Dr Erin McCarthy
Honorary Professor
School of Humanities, Creative Ind and Social Sci
Shining new light on old words
Digital humanist and literary historian Dr Erin McCarthy looks to the literature of the past to help us understand our own culture.
In a unique combination of historical literature and new technology, Dr Erin McCarthy’s research focuses on data driven approaches to understanding literature.
Her research uses digital tools to uncover new information about how books were written, read and circulated in the 16th and 17th Centuries. Dr McCarthy’s interest in this field centres around what insights these artifacts from the past can offer into our own culture, how we came to be where we are and how people deal with change.

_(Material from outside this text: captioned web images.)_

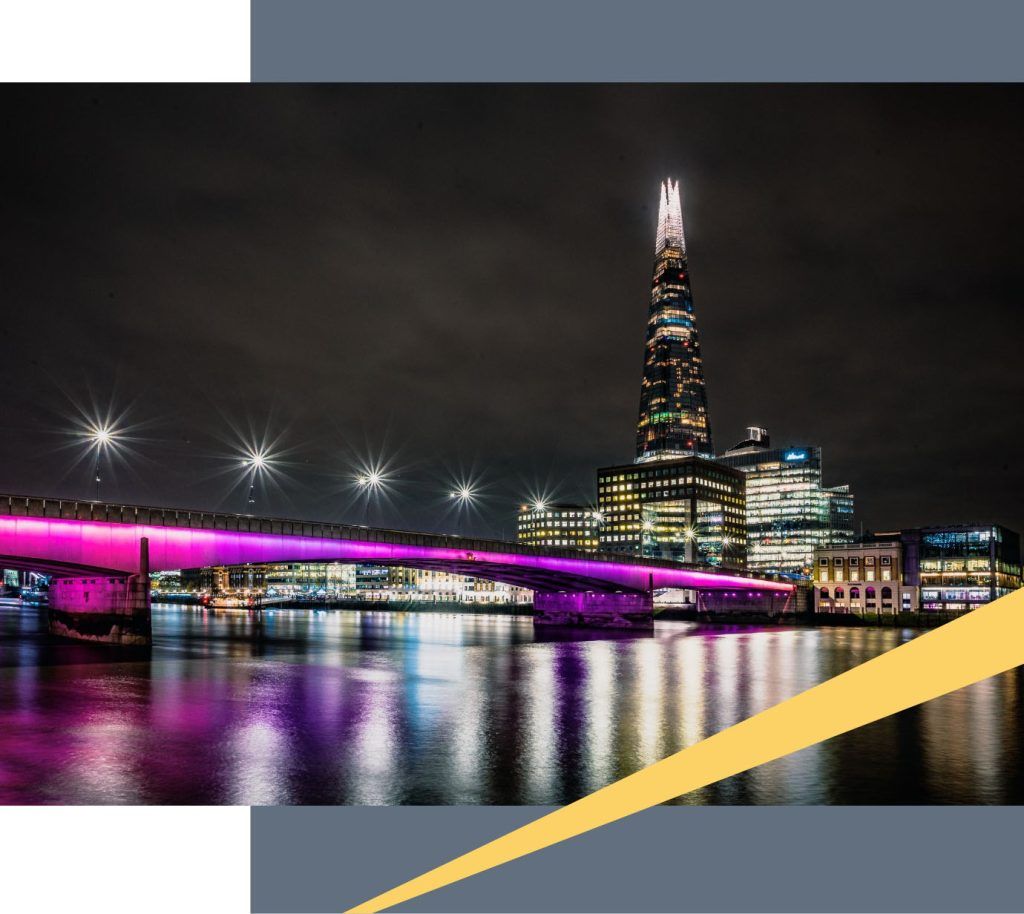 London Bridge and the lights of London in the night.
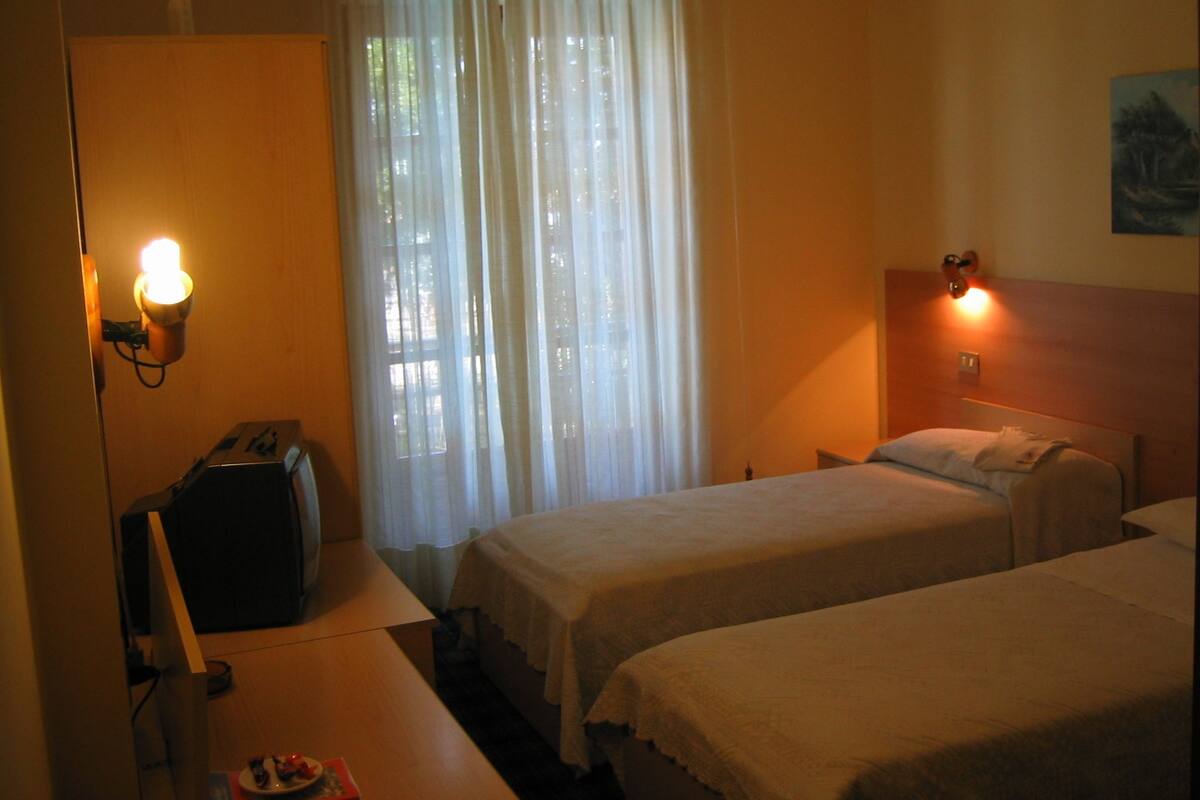 A hotel room with two beds, a desk, a chair, a suitcase, and a window with curtains.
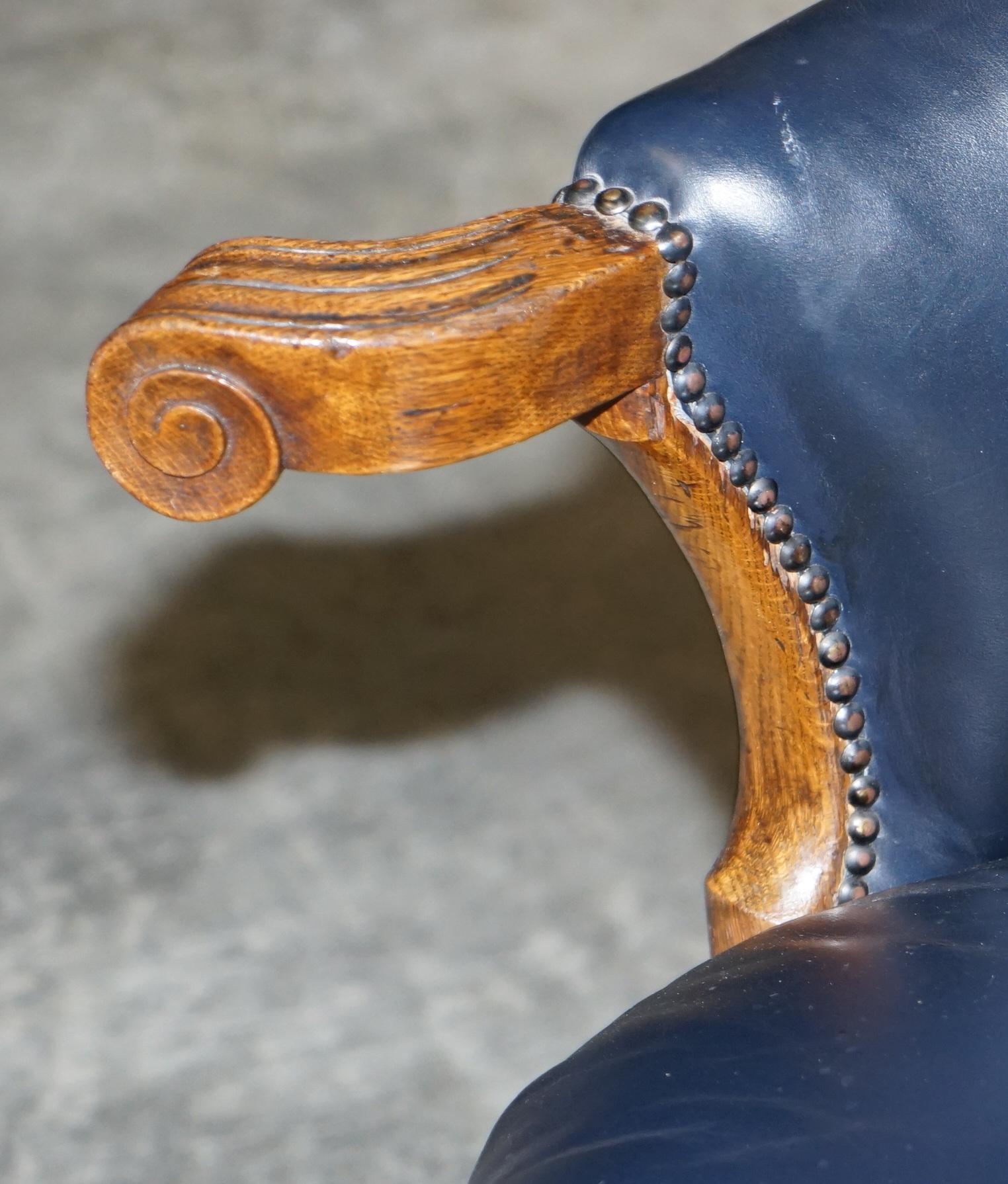 Hand-Crafted Antique Regency circa 1810-1820 Claw & Ball Oak Framed Blue Leather Armchair For Sale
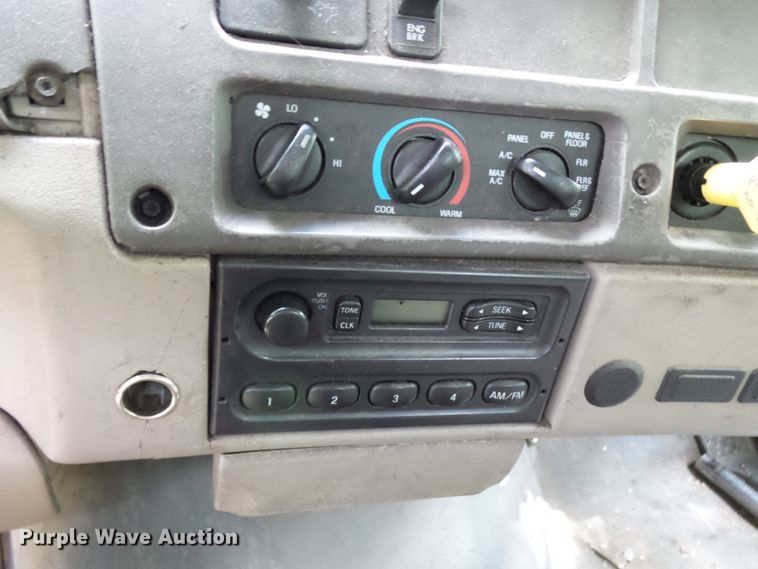 image for item DH3797 2004 Sterling L-Line  flatbed truck with forklift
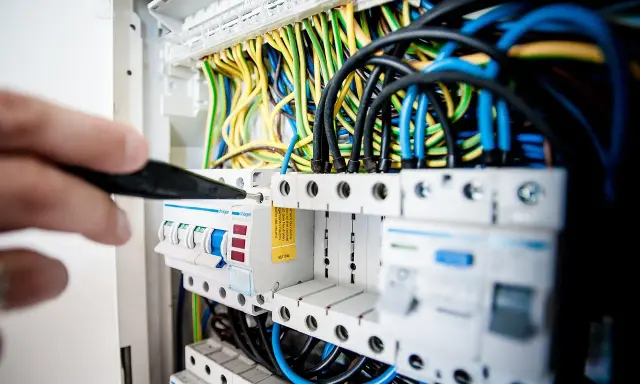 Ręka z narzędziem przy bezpiecznikach. Widać kolorowe przewody i moduły, tworzące prostą instalację elektryczną.
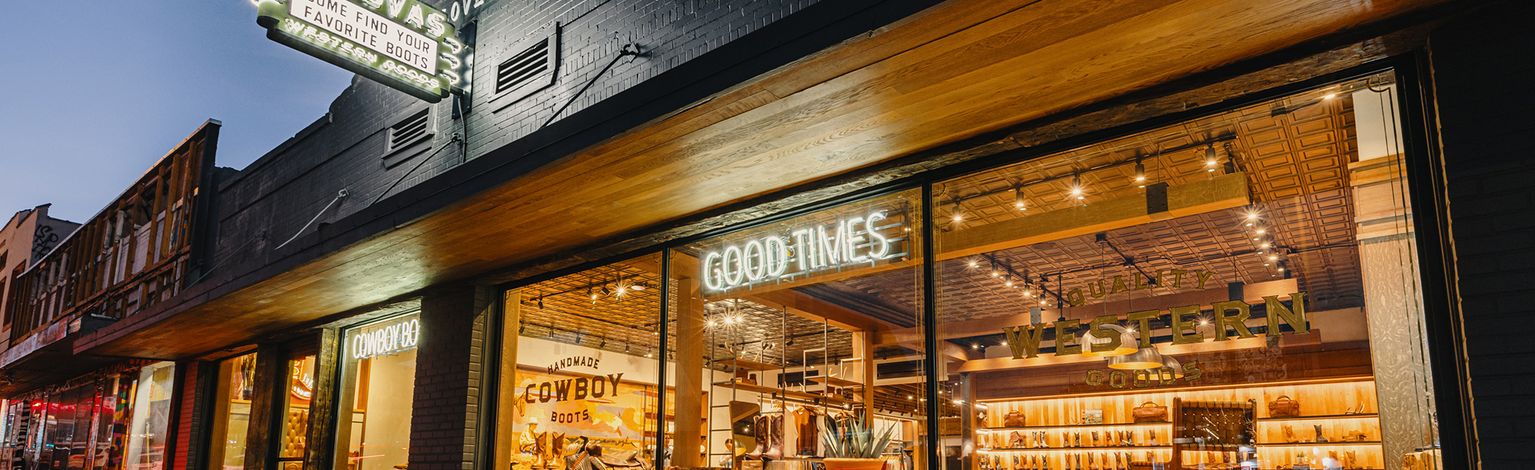 Storefront of Tecovas at dusk with illuminated signs reading "Good Times" and "Western Goods," showing boots and hats displayed inside through large windows.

“These days, some people claim that print is dying and digital media is the way forward. The period I study is when print was introduced and what is interesting is that people felt the same way then towards print as they do now about digital media. People of the 16th Century were suspicious of the new print medium and who it might expose their texts to,” Dr McCarthy said.
“Print raised questions for authors such as ‘would the general public understand my writing properly’. There was also a sense of information overload then just as we are exposed to so much information today. The Renaissance population also struggled with an epistemological crisis similar to what people are feeling now, trying to find a way to make sense of it all,” she said.
Dr McCarthy says we can take heart in the knowledge we have gained from the past and use it to think critically about the present and future.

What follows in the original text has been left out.